▶ _Data excerpt_:
____________
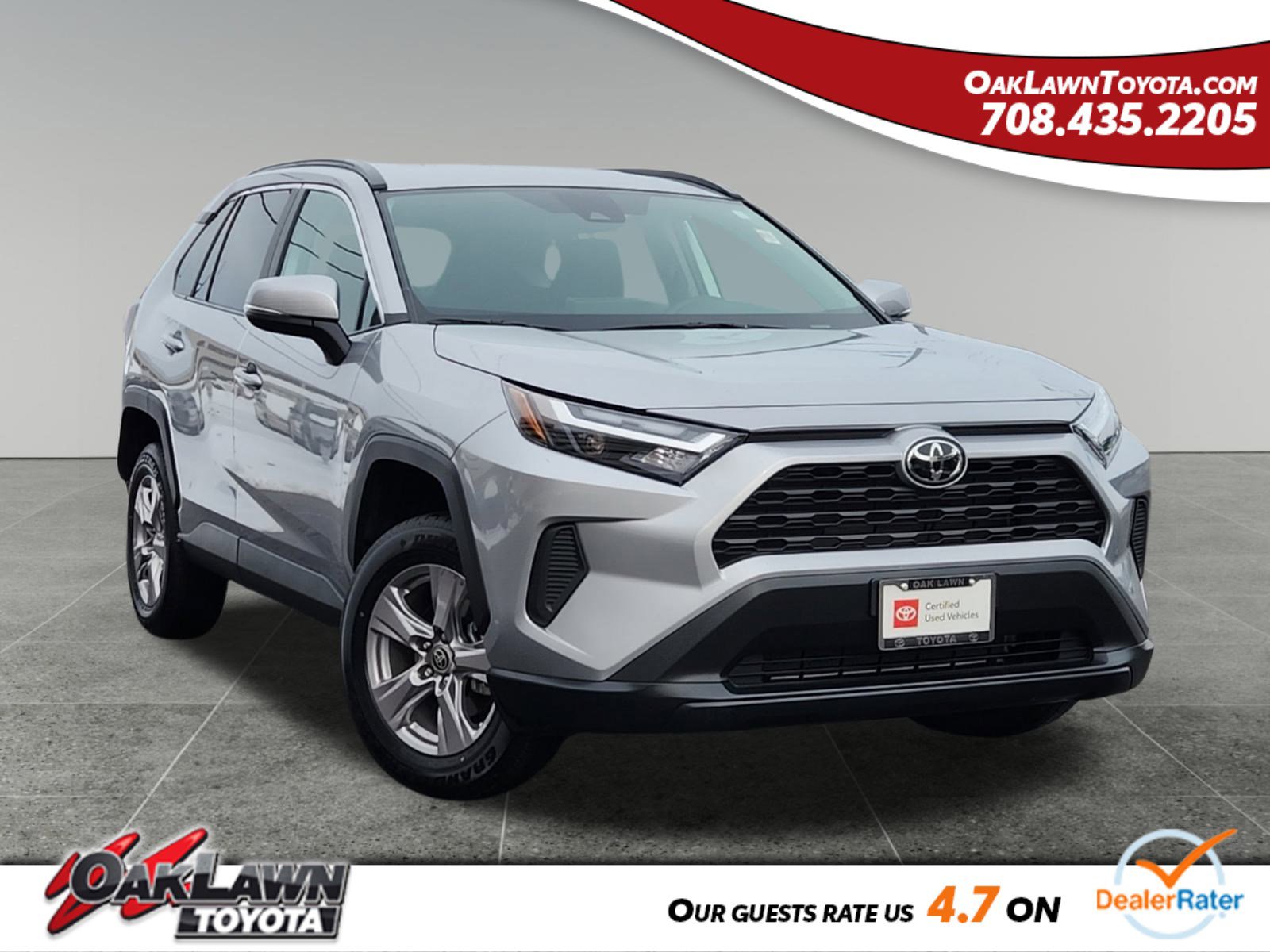 2025 Toyota RAV4 XLE's photo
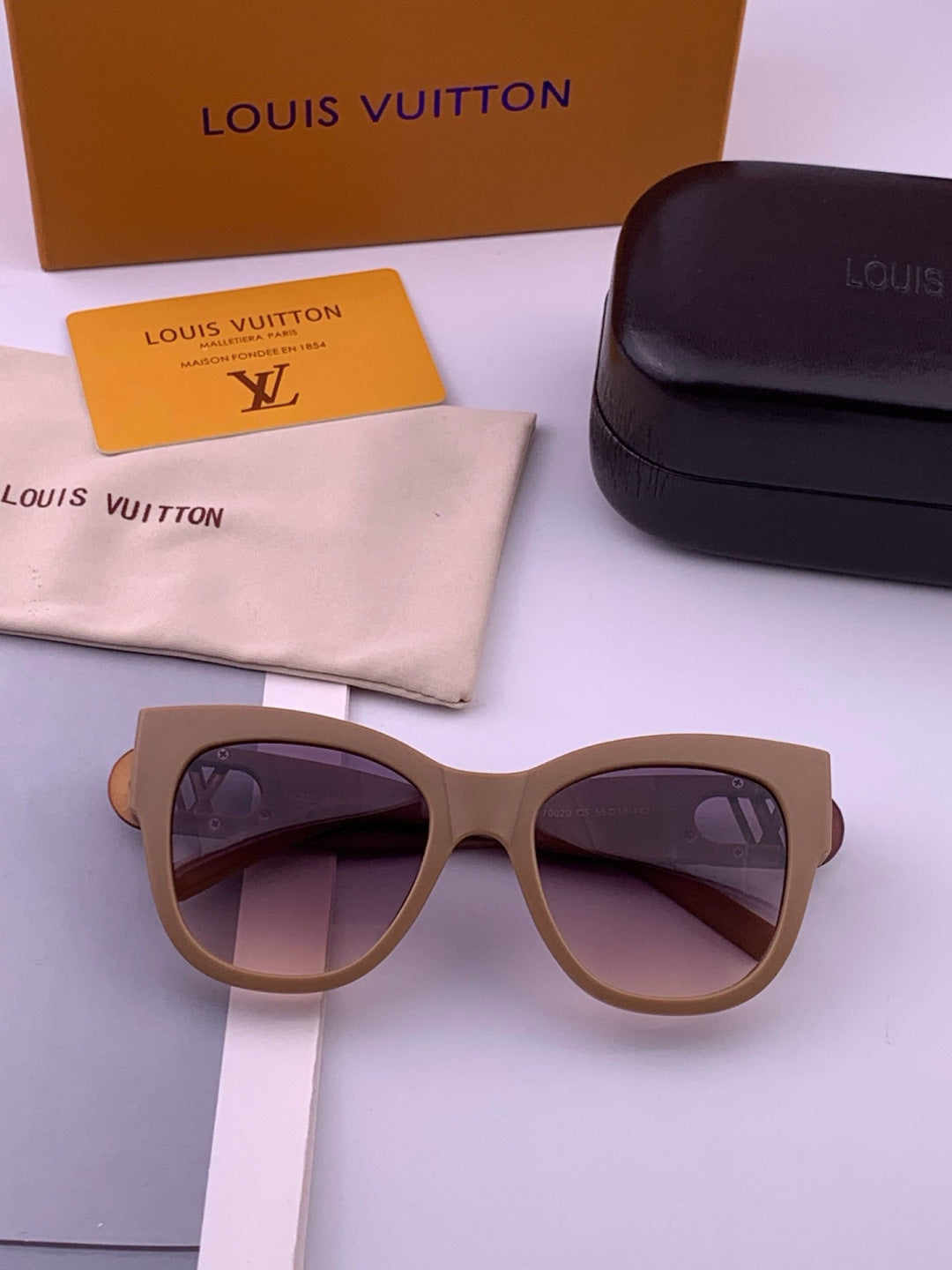 Louis Vuitton L07002 Square Purple Lens Sunglasses for Women - 371300 - detail image 5
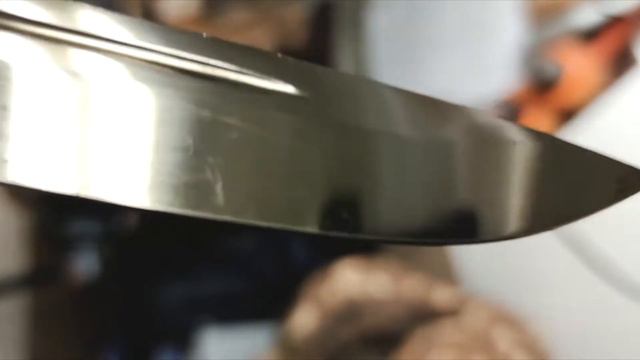 Рубим металл ножом из стали D2 ФИНКА НКВД ТЕСТ / We cut metal with a knife D2 FINKA NKVD TEST смотреть онлайн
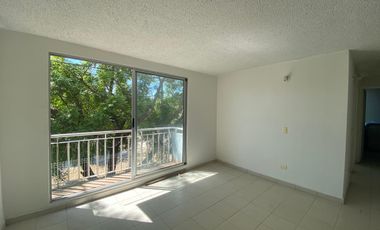 APARTAMENTO EN LAS TRINITARIAS ARRIENDO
____________
▶ _Required work_: Whenever a line holds a picture, print that line without the picture. All other data must be output exactly.

▶ _Task solution_:
 2025 Toyota RAV4 XLE's photo
 Louis Vuitton L07002 Square Purple Lens Sunglasses for Women - 371300 - detail image 5
 Рубим металл ножом из стали D2 ФИНКА НКВД ТЕСТ / We cut metal with a knife D2 FINKA NKVD TEST смотреть онлайн
 APARTAMENTO EN LAS TRINITARIAS ARRIENDO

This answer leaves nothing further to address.